I suggest the minister should take a good, serious look at their request. Perhaps that is the route she should be going, purchasing that service from the Ministry of Community and Social Services and letting Harmony Developmental Centre continue, as it is now, to provide excellent care for the needs of those children.
Hon. Miss Stephenson: Mr. Speaker, in response to the many items raised by the members, I must admit it sounded like a repetition of the estimates debate that was held not very long ago.
The member for Niagara Falls (Mr. Kerrio) raised the matter of nuclear technology training. Indeed, as I am sure the honourable members know, an extremely good nuclear technology training program has been established by Ontario Hydro in this province. It has been, I think, exemplary in the quality of the program it has provided.
I am also very much aware, of course, as are the members of this House, that each college in the college system, which has nothing to do with the present estimates of the Ministry of Education, has a program that relates specifically to the technological needs in the area of that college. Probably we will expand a little more on this in the concurrence of the Ministry of Colleges and Universities estimates.
I am pleased that the member for Lake Nipigon mentioned the Allan report and I am also pleased to report to the House that the response to that should be available early in the new year. A significant impact on the general legislative grants will be noted as part of the response to the Allan report. There is very real concern that we can make a tremendous advance in educational opportunity equalization for children in both the northern boards that are relatively small and also in the isolated boards that were of concern to the member for Lake Nipigon in introducing a complex mixture of the technologies that have been developed related to education.
Some of our experiments, and they are experiments, in using the Ontario Educational Communications Authority educational microcomputers and videotext and itinerant teachers this year have been reasonably successful. In some instances they have been much more successful than we thought we would have an opportunity to hope for. I am optimistic that we are going to be able to meet the educational needs of those students, not simply through the traditional methods of delivery of educational program but through innovation in the delivery of educational program through distance education capability which we are rapidly developing.
I would like to remind the member for Lake Nipigon that about 6,000 of the status Indian students in this province are receiving an excellent educational program because they are attending schools that are under the control of Ontario school boards rather than under the control of the Department of Indian Affairs and Northern Development. In those instances the total curriculum of the public system is maintained for the students.
The level of the educational program or the quality of the program that is provided under the Department of Indian Affairs and Northern Development is of concern. We have had a number of consultations with DIAND and with the representatives of the native people in an attempt to improve the quality and to improve the program that is made available under those circumstances.
There really needs to be some greater uniformity for the native students, particularly in northern Ontario; there is no doubt about that.
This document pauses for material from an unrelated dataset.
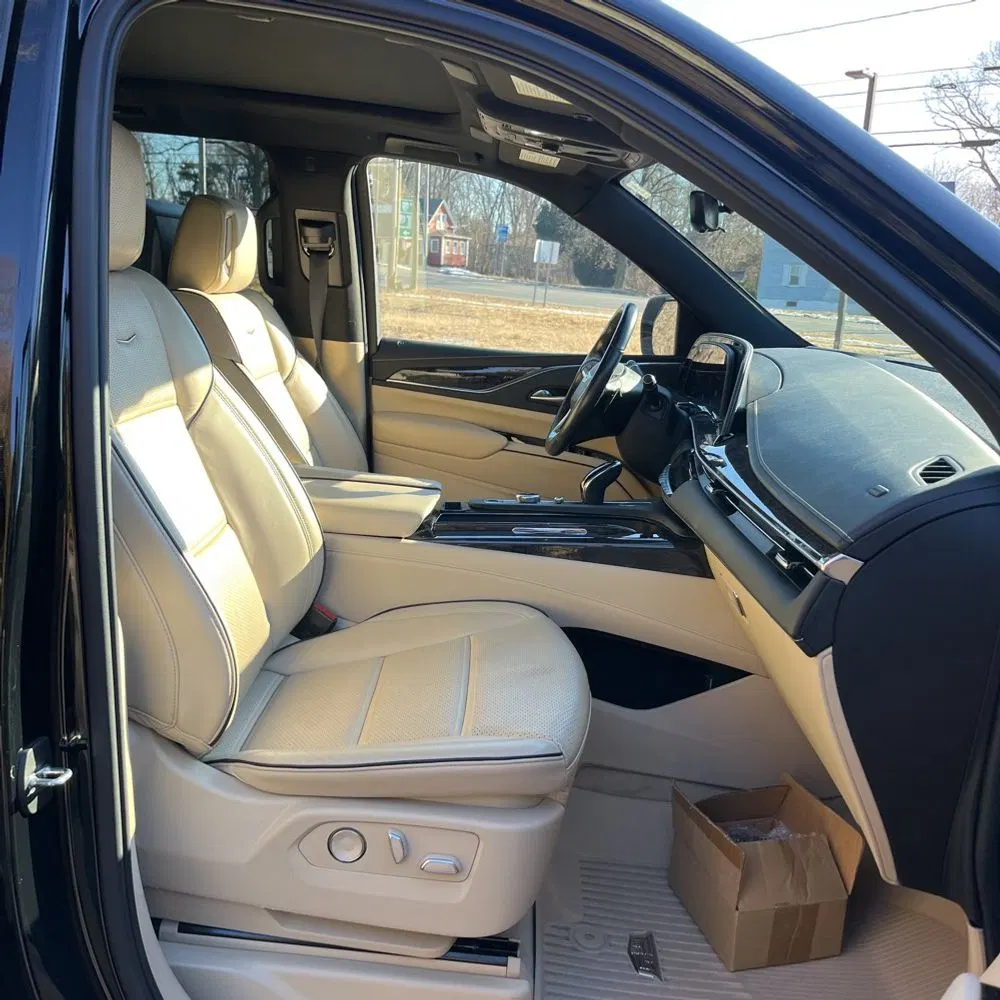 2021 Cadillac Escalade ESV Premium Luxury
At the present time the comparisons between certain of the programs -- for example, at Summer Beaver -- and the program that is provided in some instances in the DIAND schools show they are really monumentally different.
It is unfortunate this difference should occur simply because of the place in which the student is living and because of the responsibility for the educational program, which is within one government's jurisdiction rather than another's.
The member for St. Catharines raised a number of issues in his usual machine-gun style. I would be happy to tell him and the member for Hamilton West (Mr. Allen) that the Martin proposal is related to a matter that, I would remind them, Dr. Robert Jackson suggested very strongly we should investigate, and we have committed ourselves to investigating it.
The proposal and all of the responses to it have been placed before the Advisory Committee on Financing Elementary and Secondary Education, and that advisory committee has been working diligently in the direction of finding a more equitable distribution method for the general legislative grant. I had anticipated that I would have a recommendation from them early in December. It has not been forthcoming as yet, but I expect we will have it, I hope, before the end of next January.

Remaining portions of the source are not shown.